[[ Input data, beginning ]]

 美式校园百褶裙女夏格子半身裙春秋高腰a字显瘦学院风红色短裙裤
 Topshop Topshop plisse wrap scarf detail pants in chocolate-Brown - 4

[[ Input data, end ]]
[[ Input data, beginning ]]

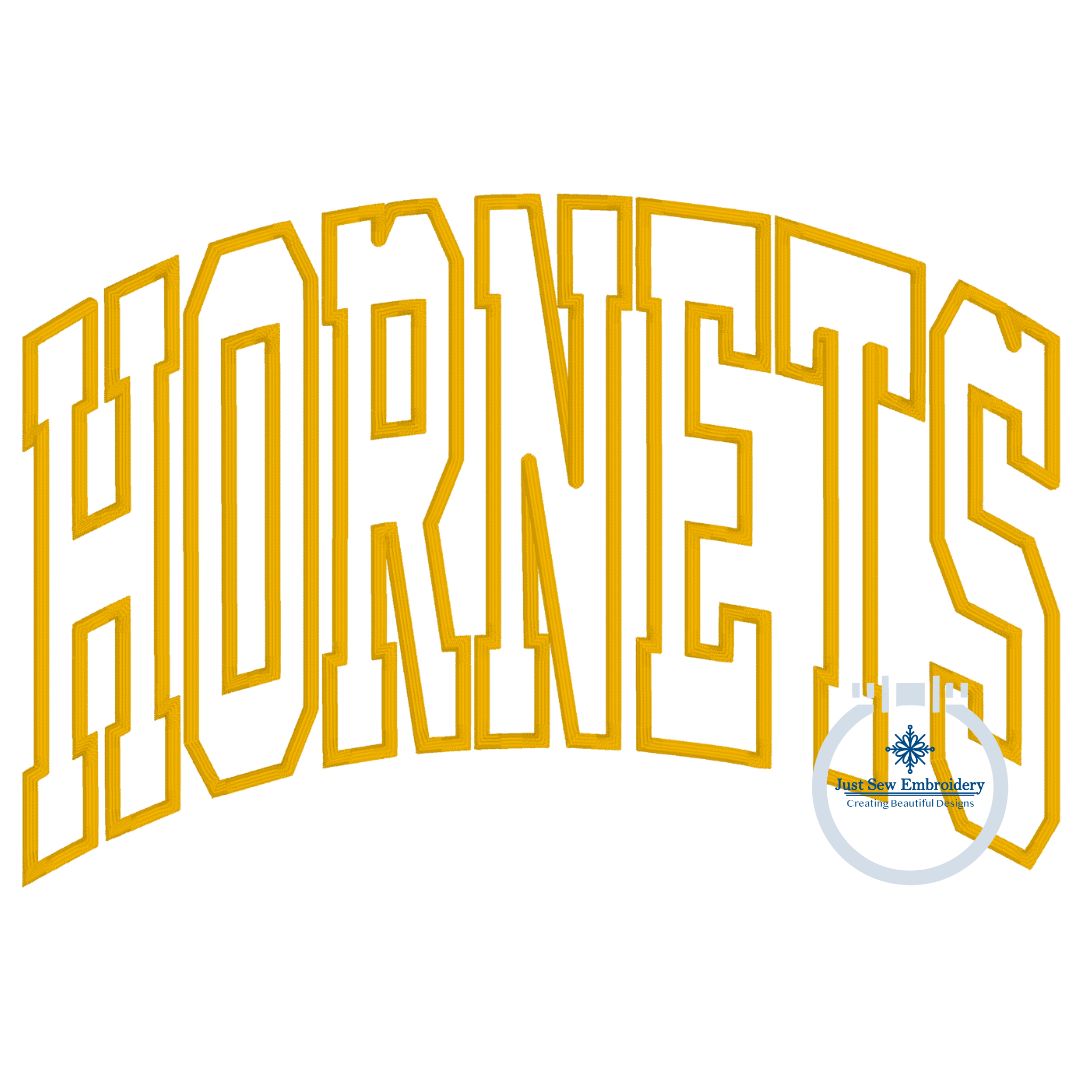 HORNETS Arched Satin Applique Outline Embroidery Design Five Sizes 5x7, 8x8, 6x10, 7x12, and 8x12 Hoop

[[ Input data, end ]]

Required work: Above are the records. Copy the lines beginning at the one that has "美式校园百褶裙女夏格子半身裙春秋高腰a字显瘦学院风红色短裙裤" and ending with the one that has "Topshop Topshop plisse", unchanged.

Response to this task:
 美式校园百褶裙女夏格子半身裙春秋高腰a字显瘦学院风红色短裙裤
 Topshop Topshop plisse wrap scarf detail pants in chocolate-Brown - 4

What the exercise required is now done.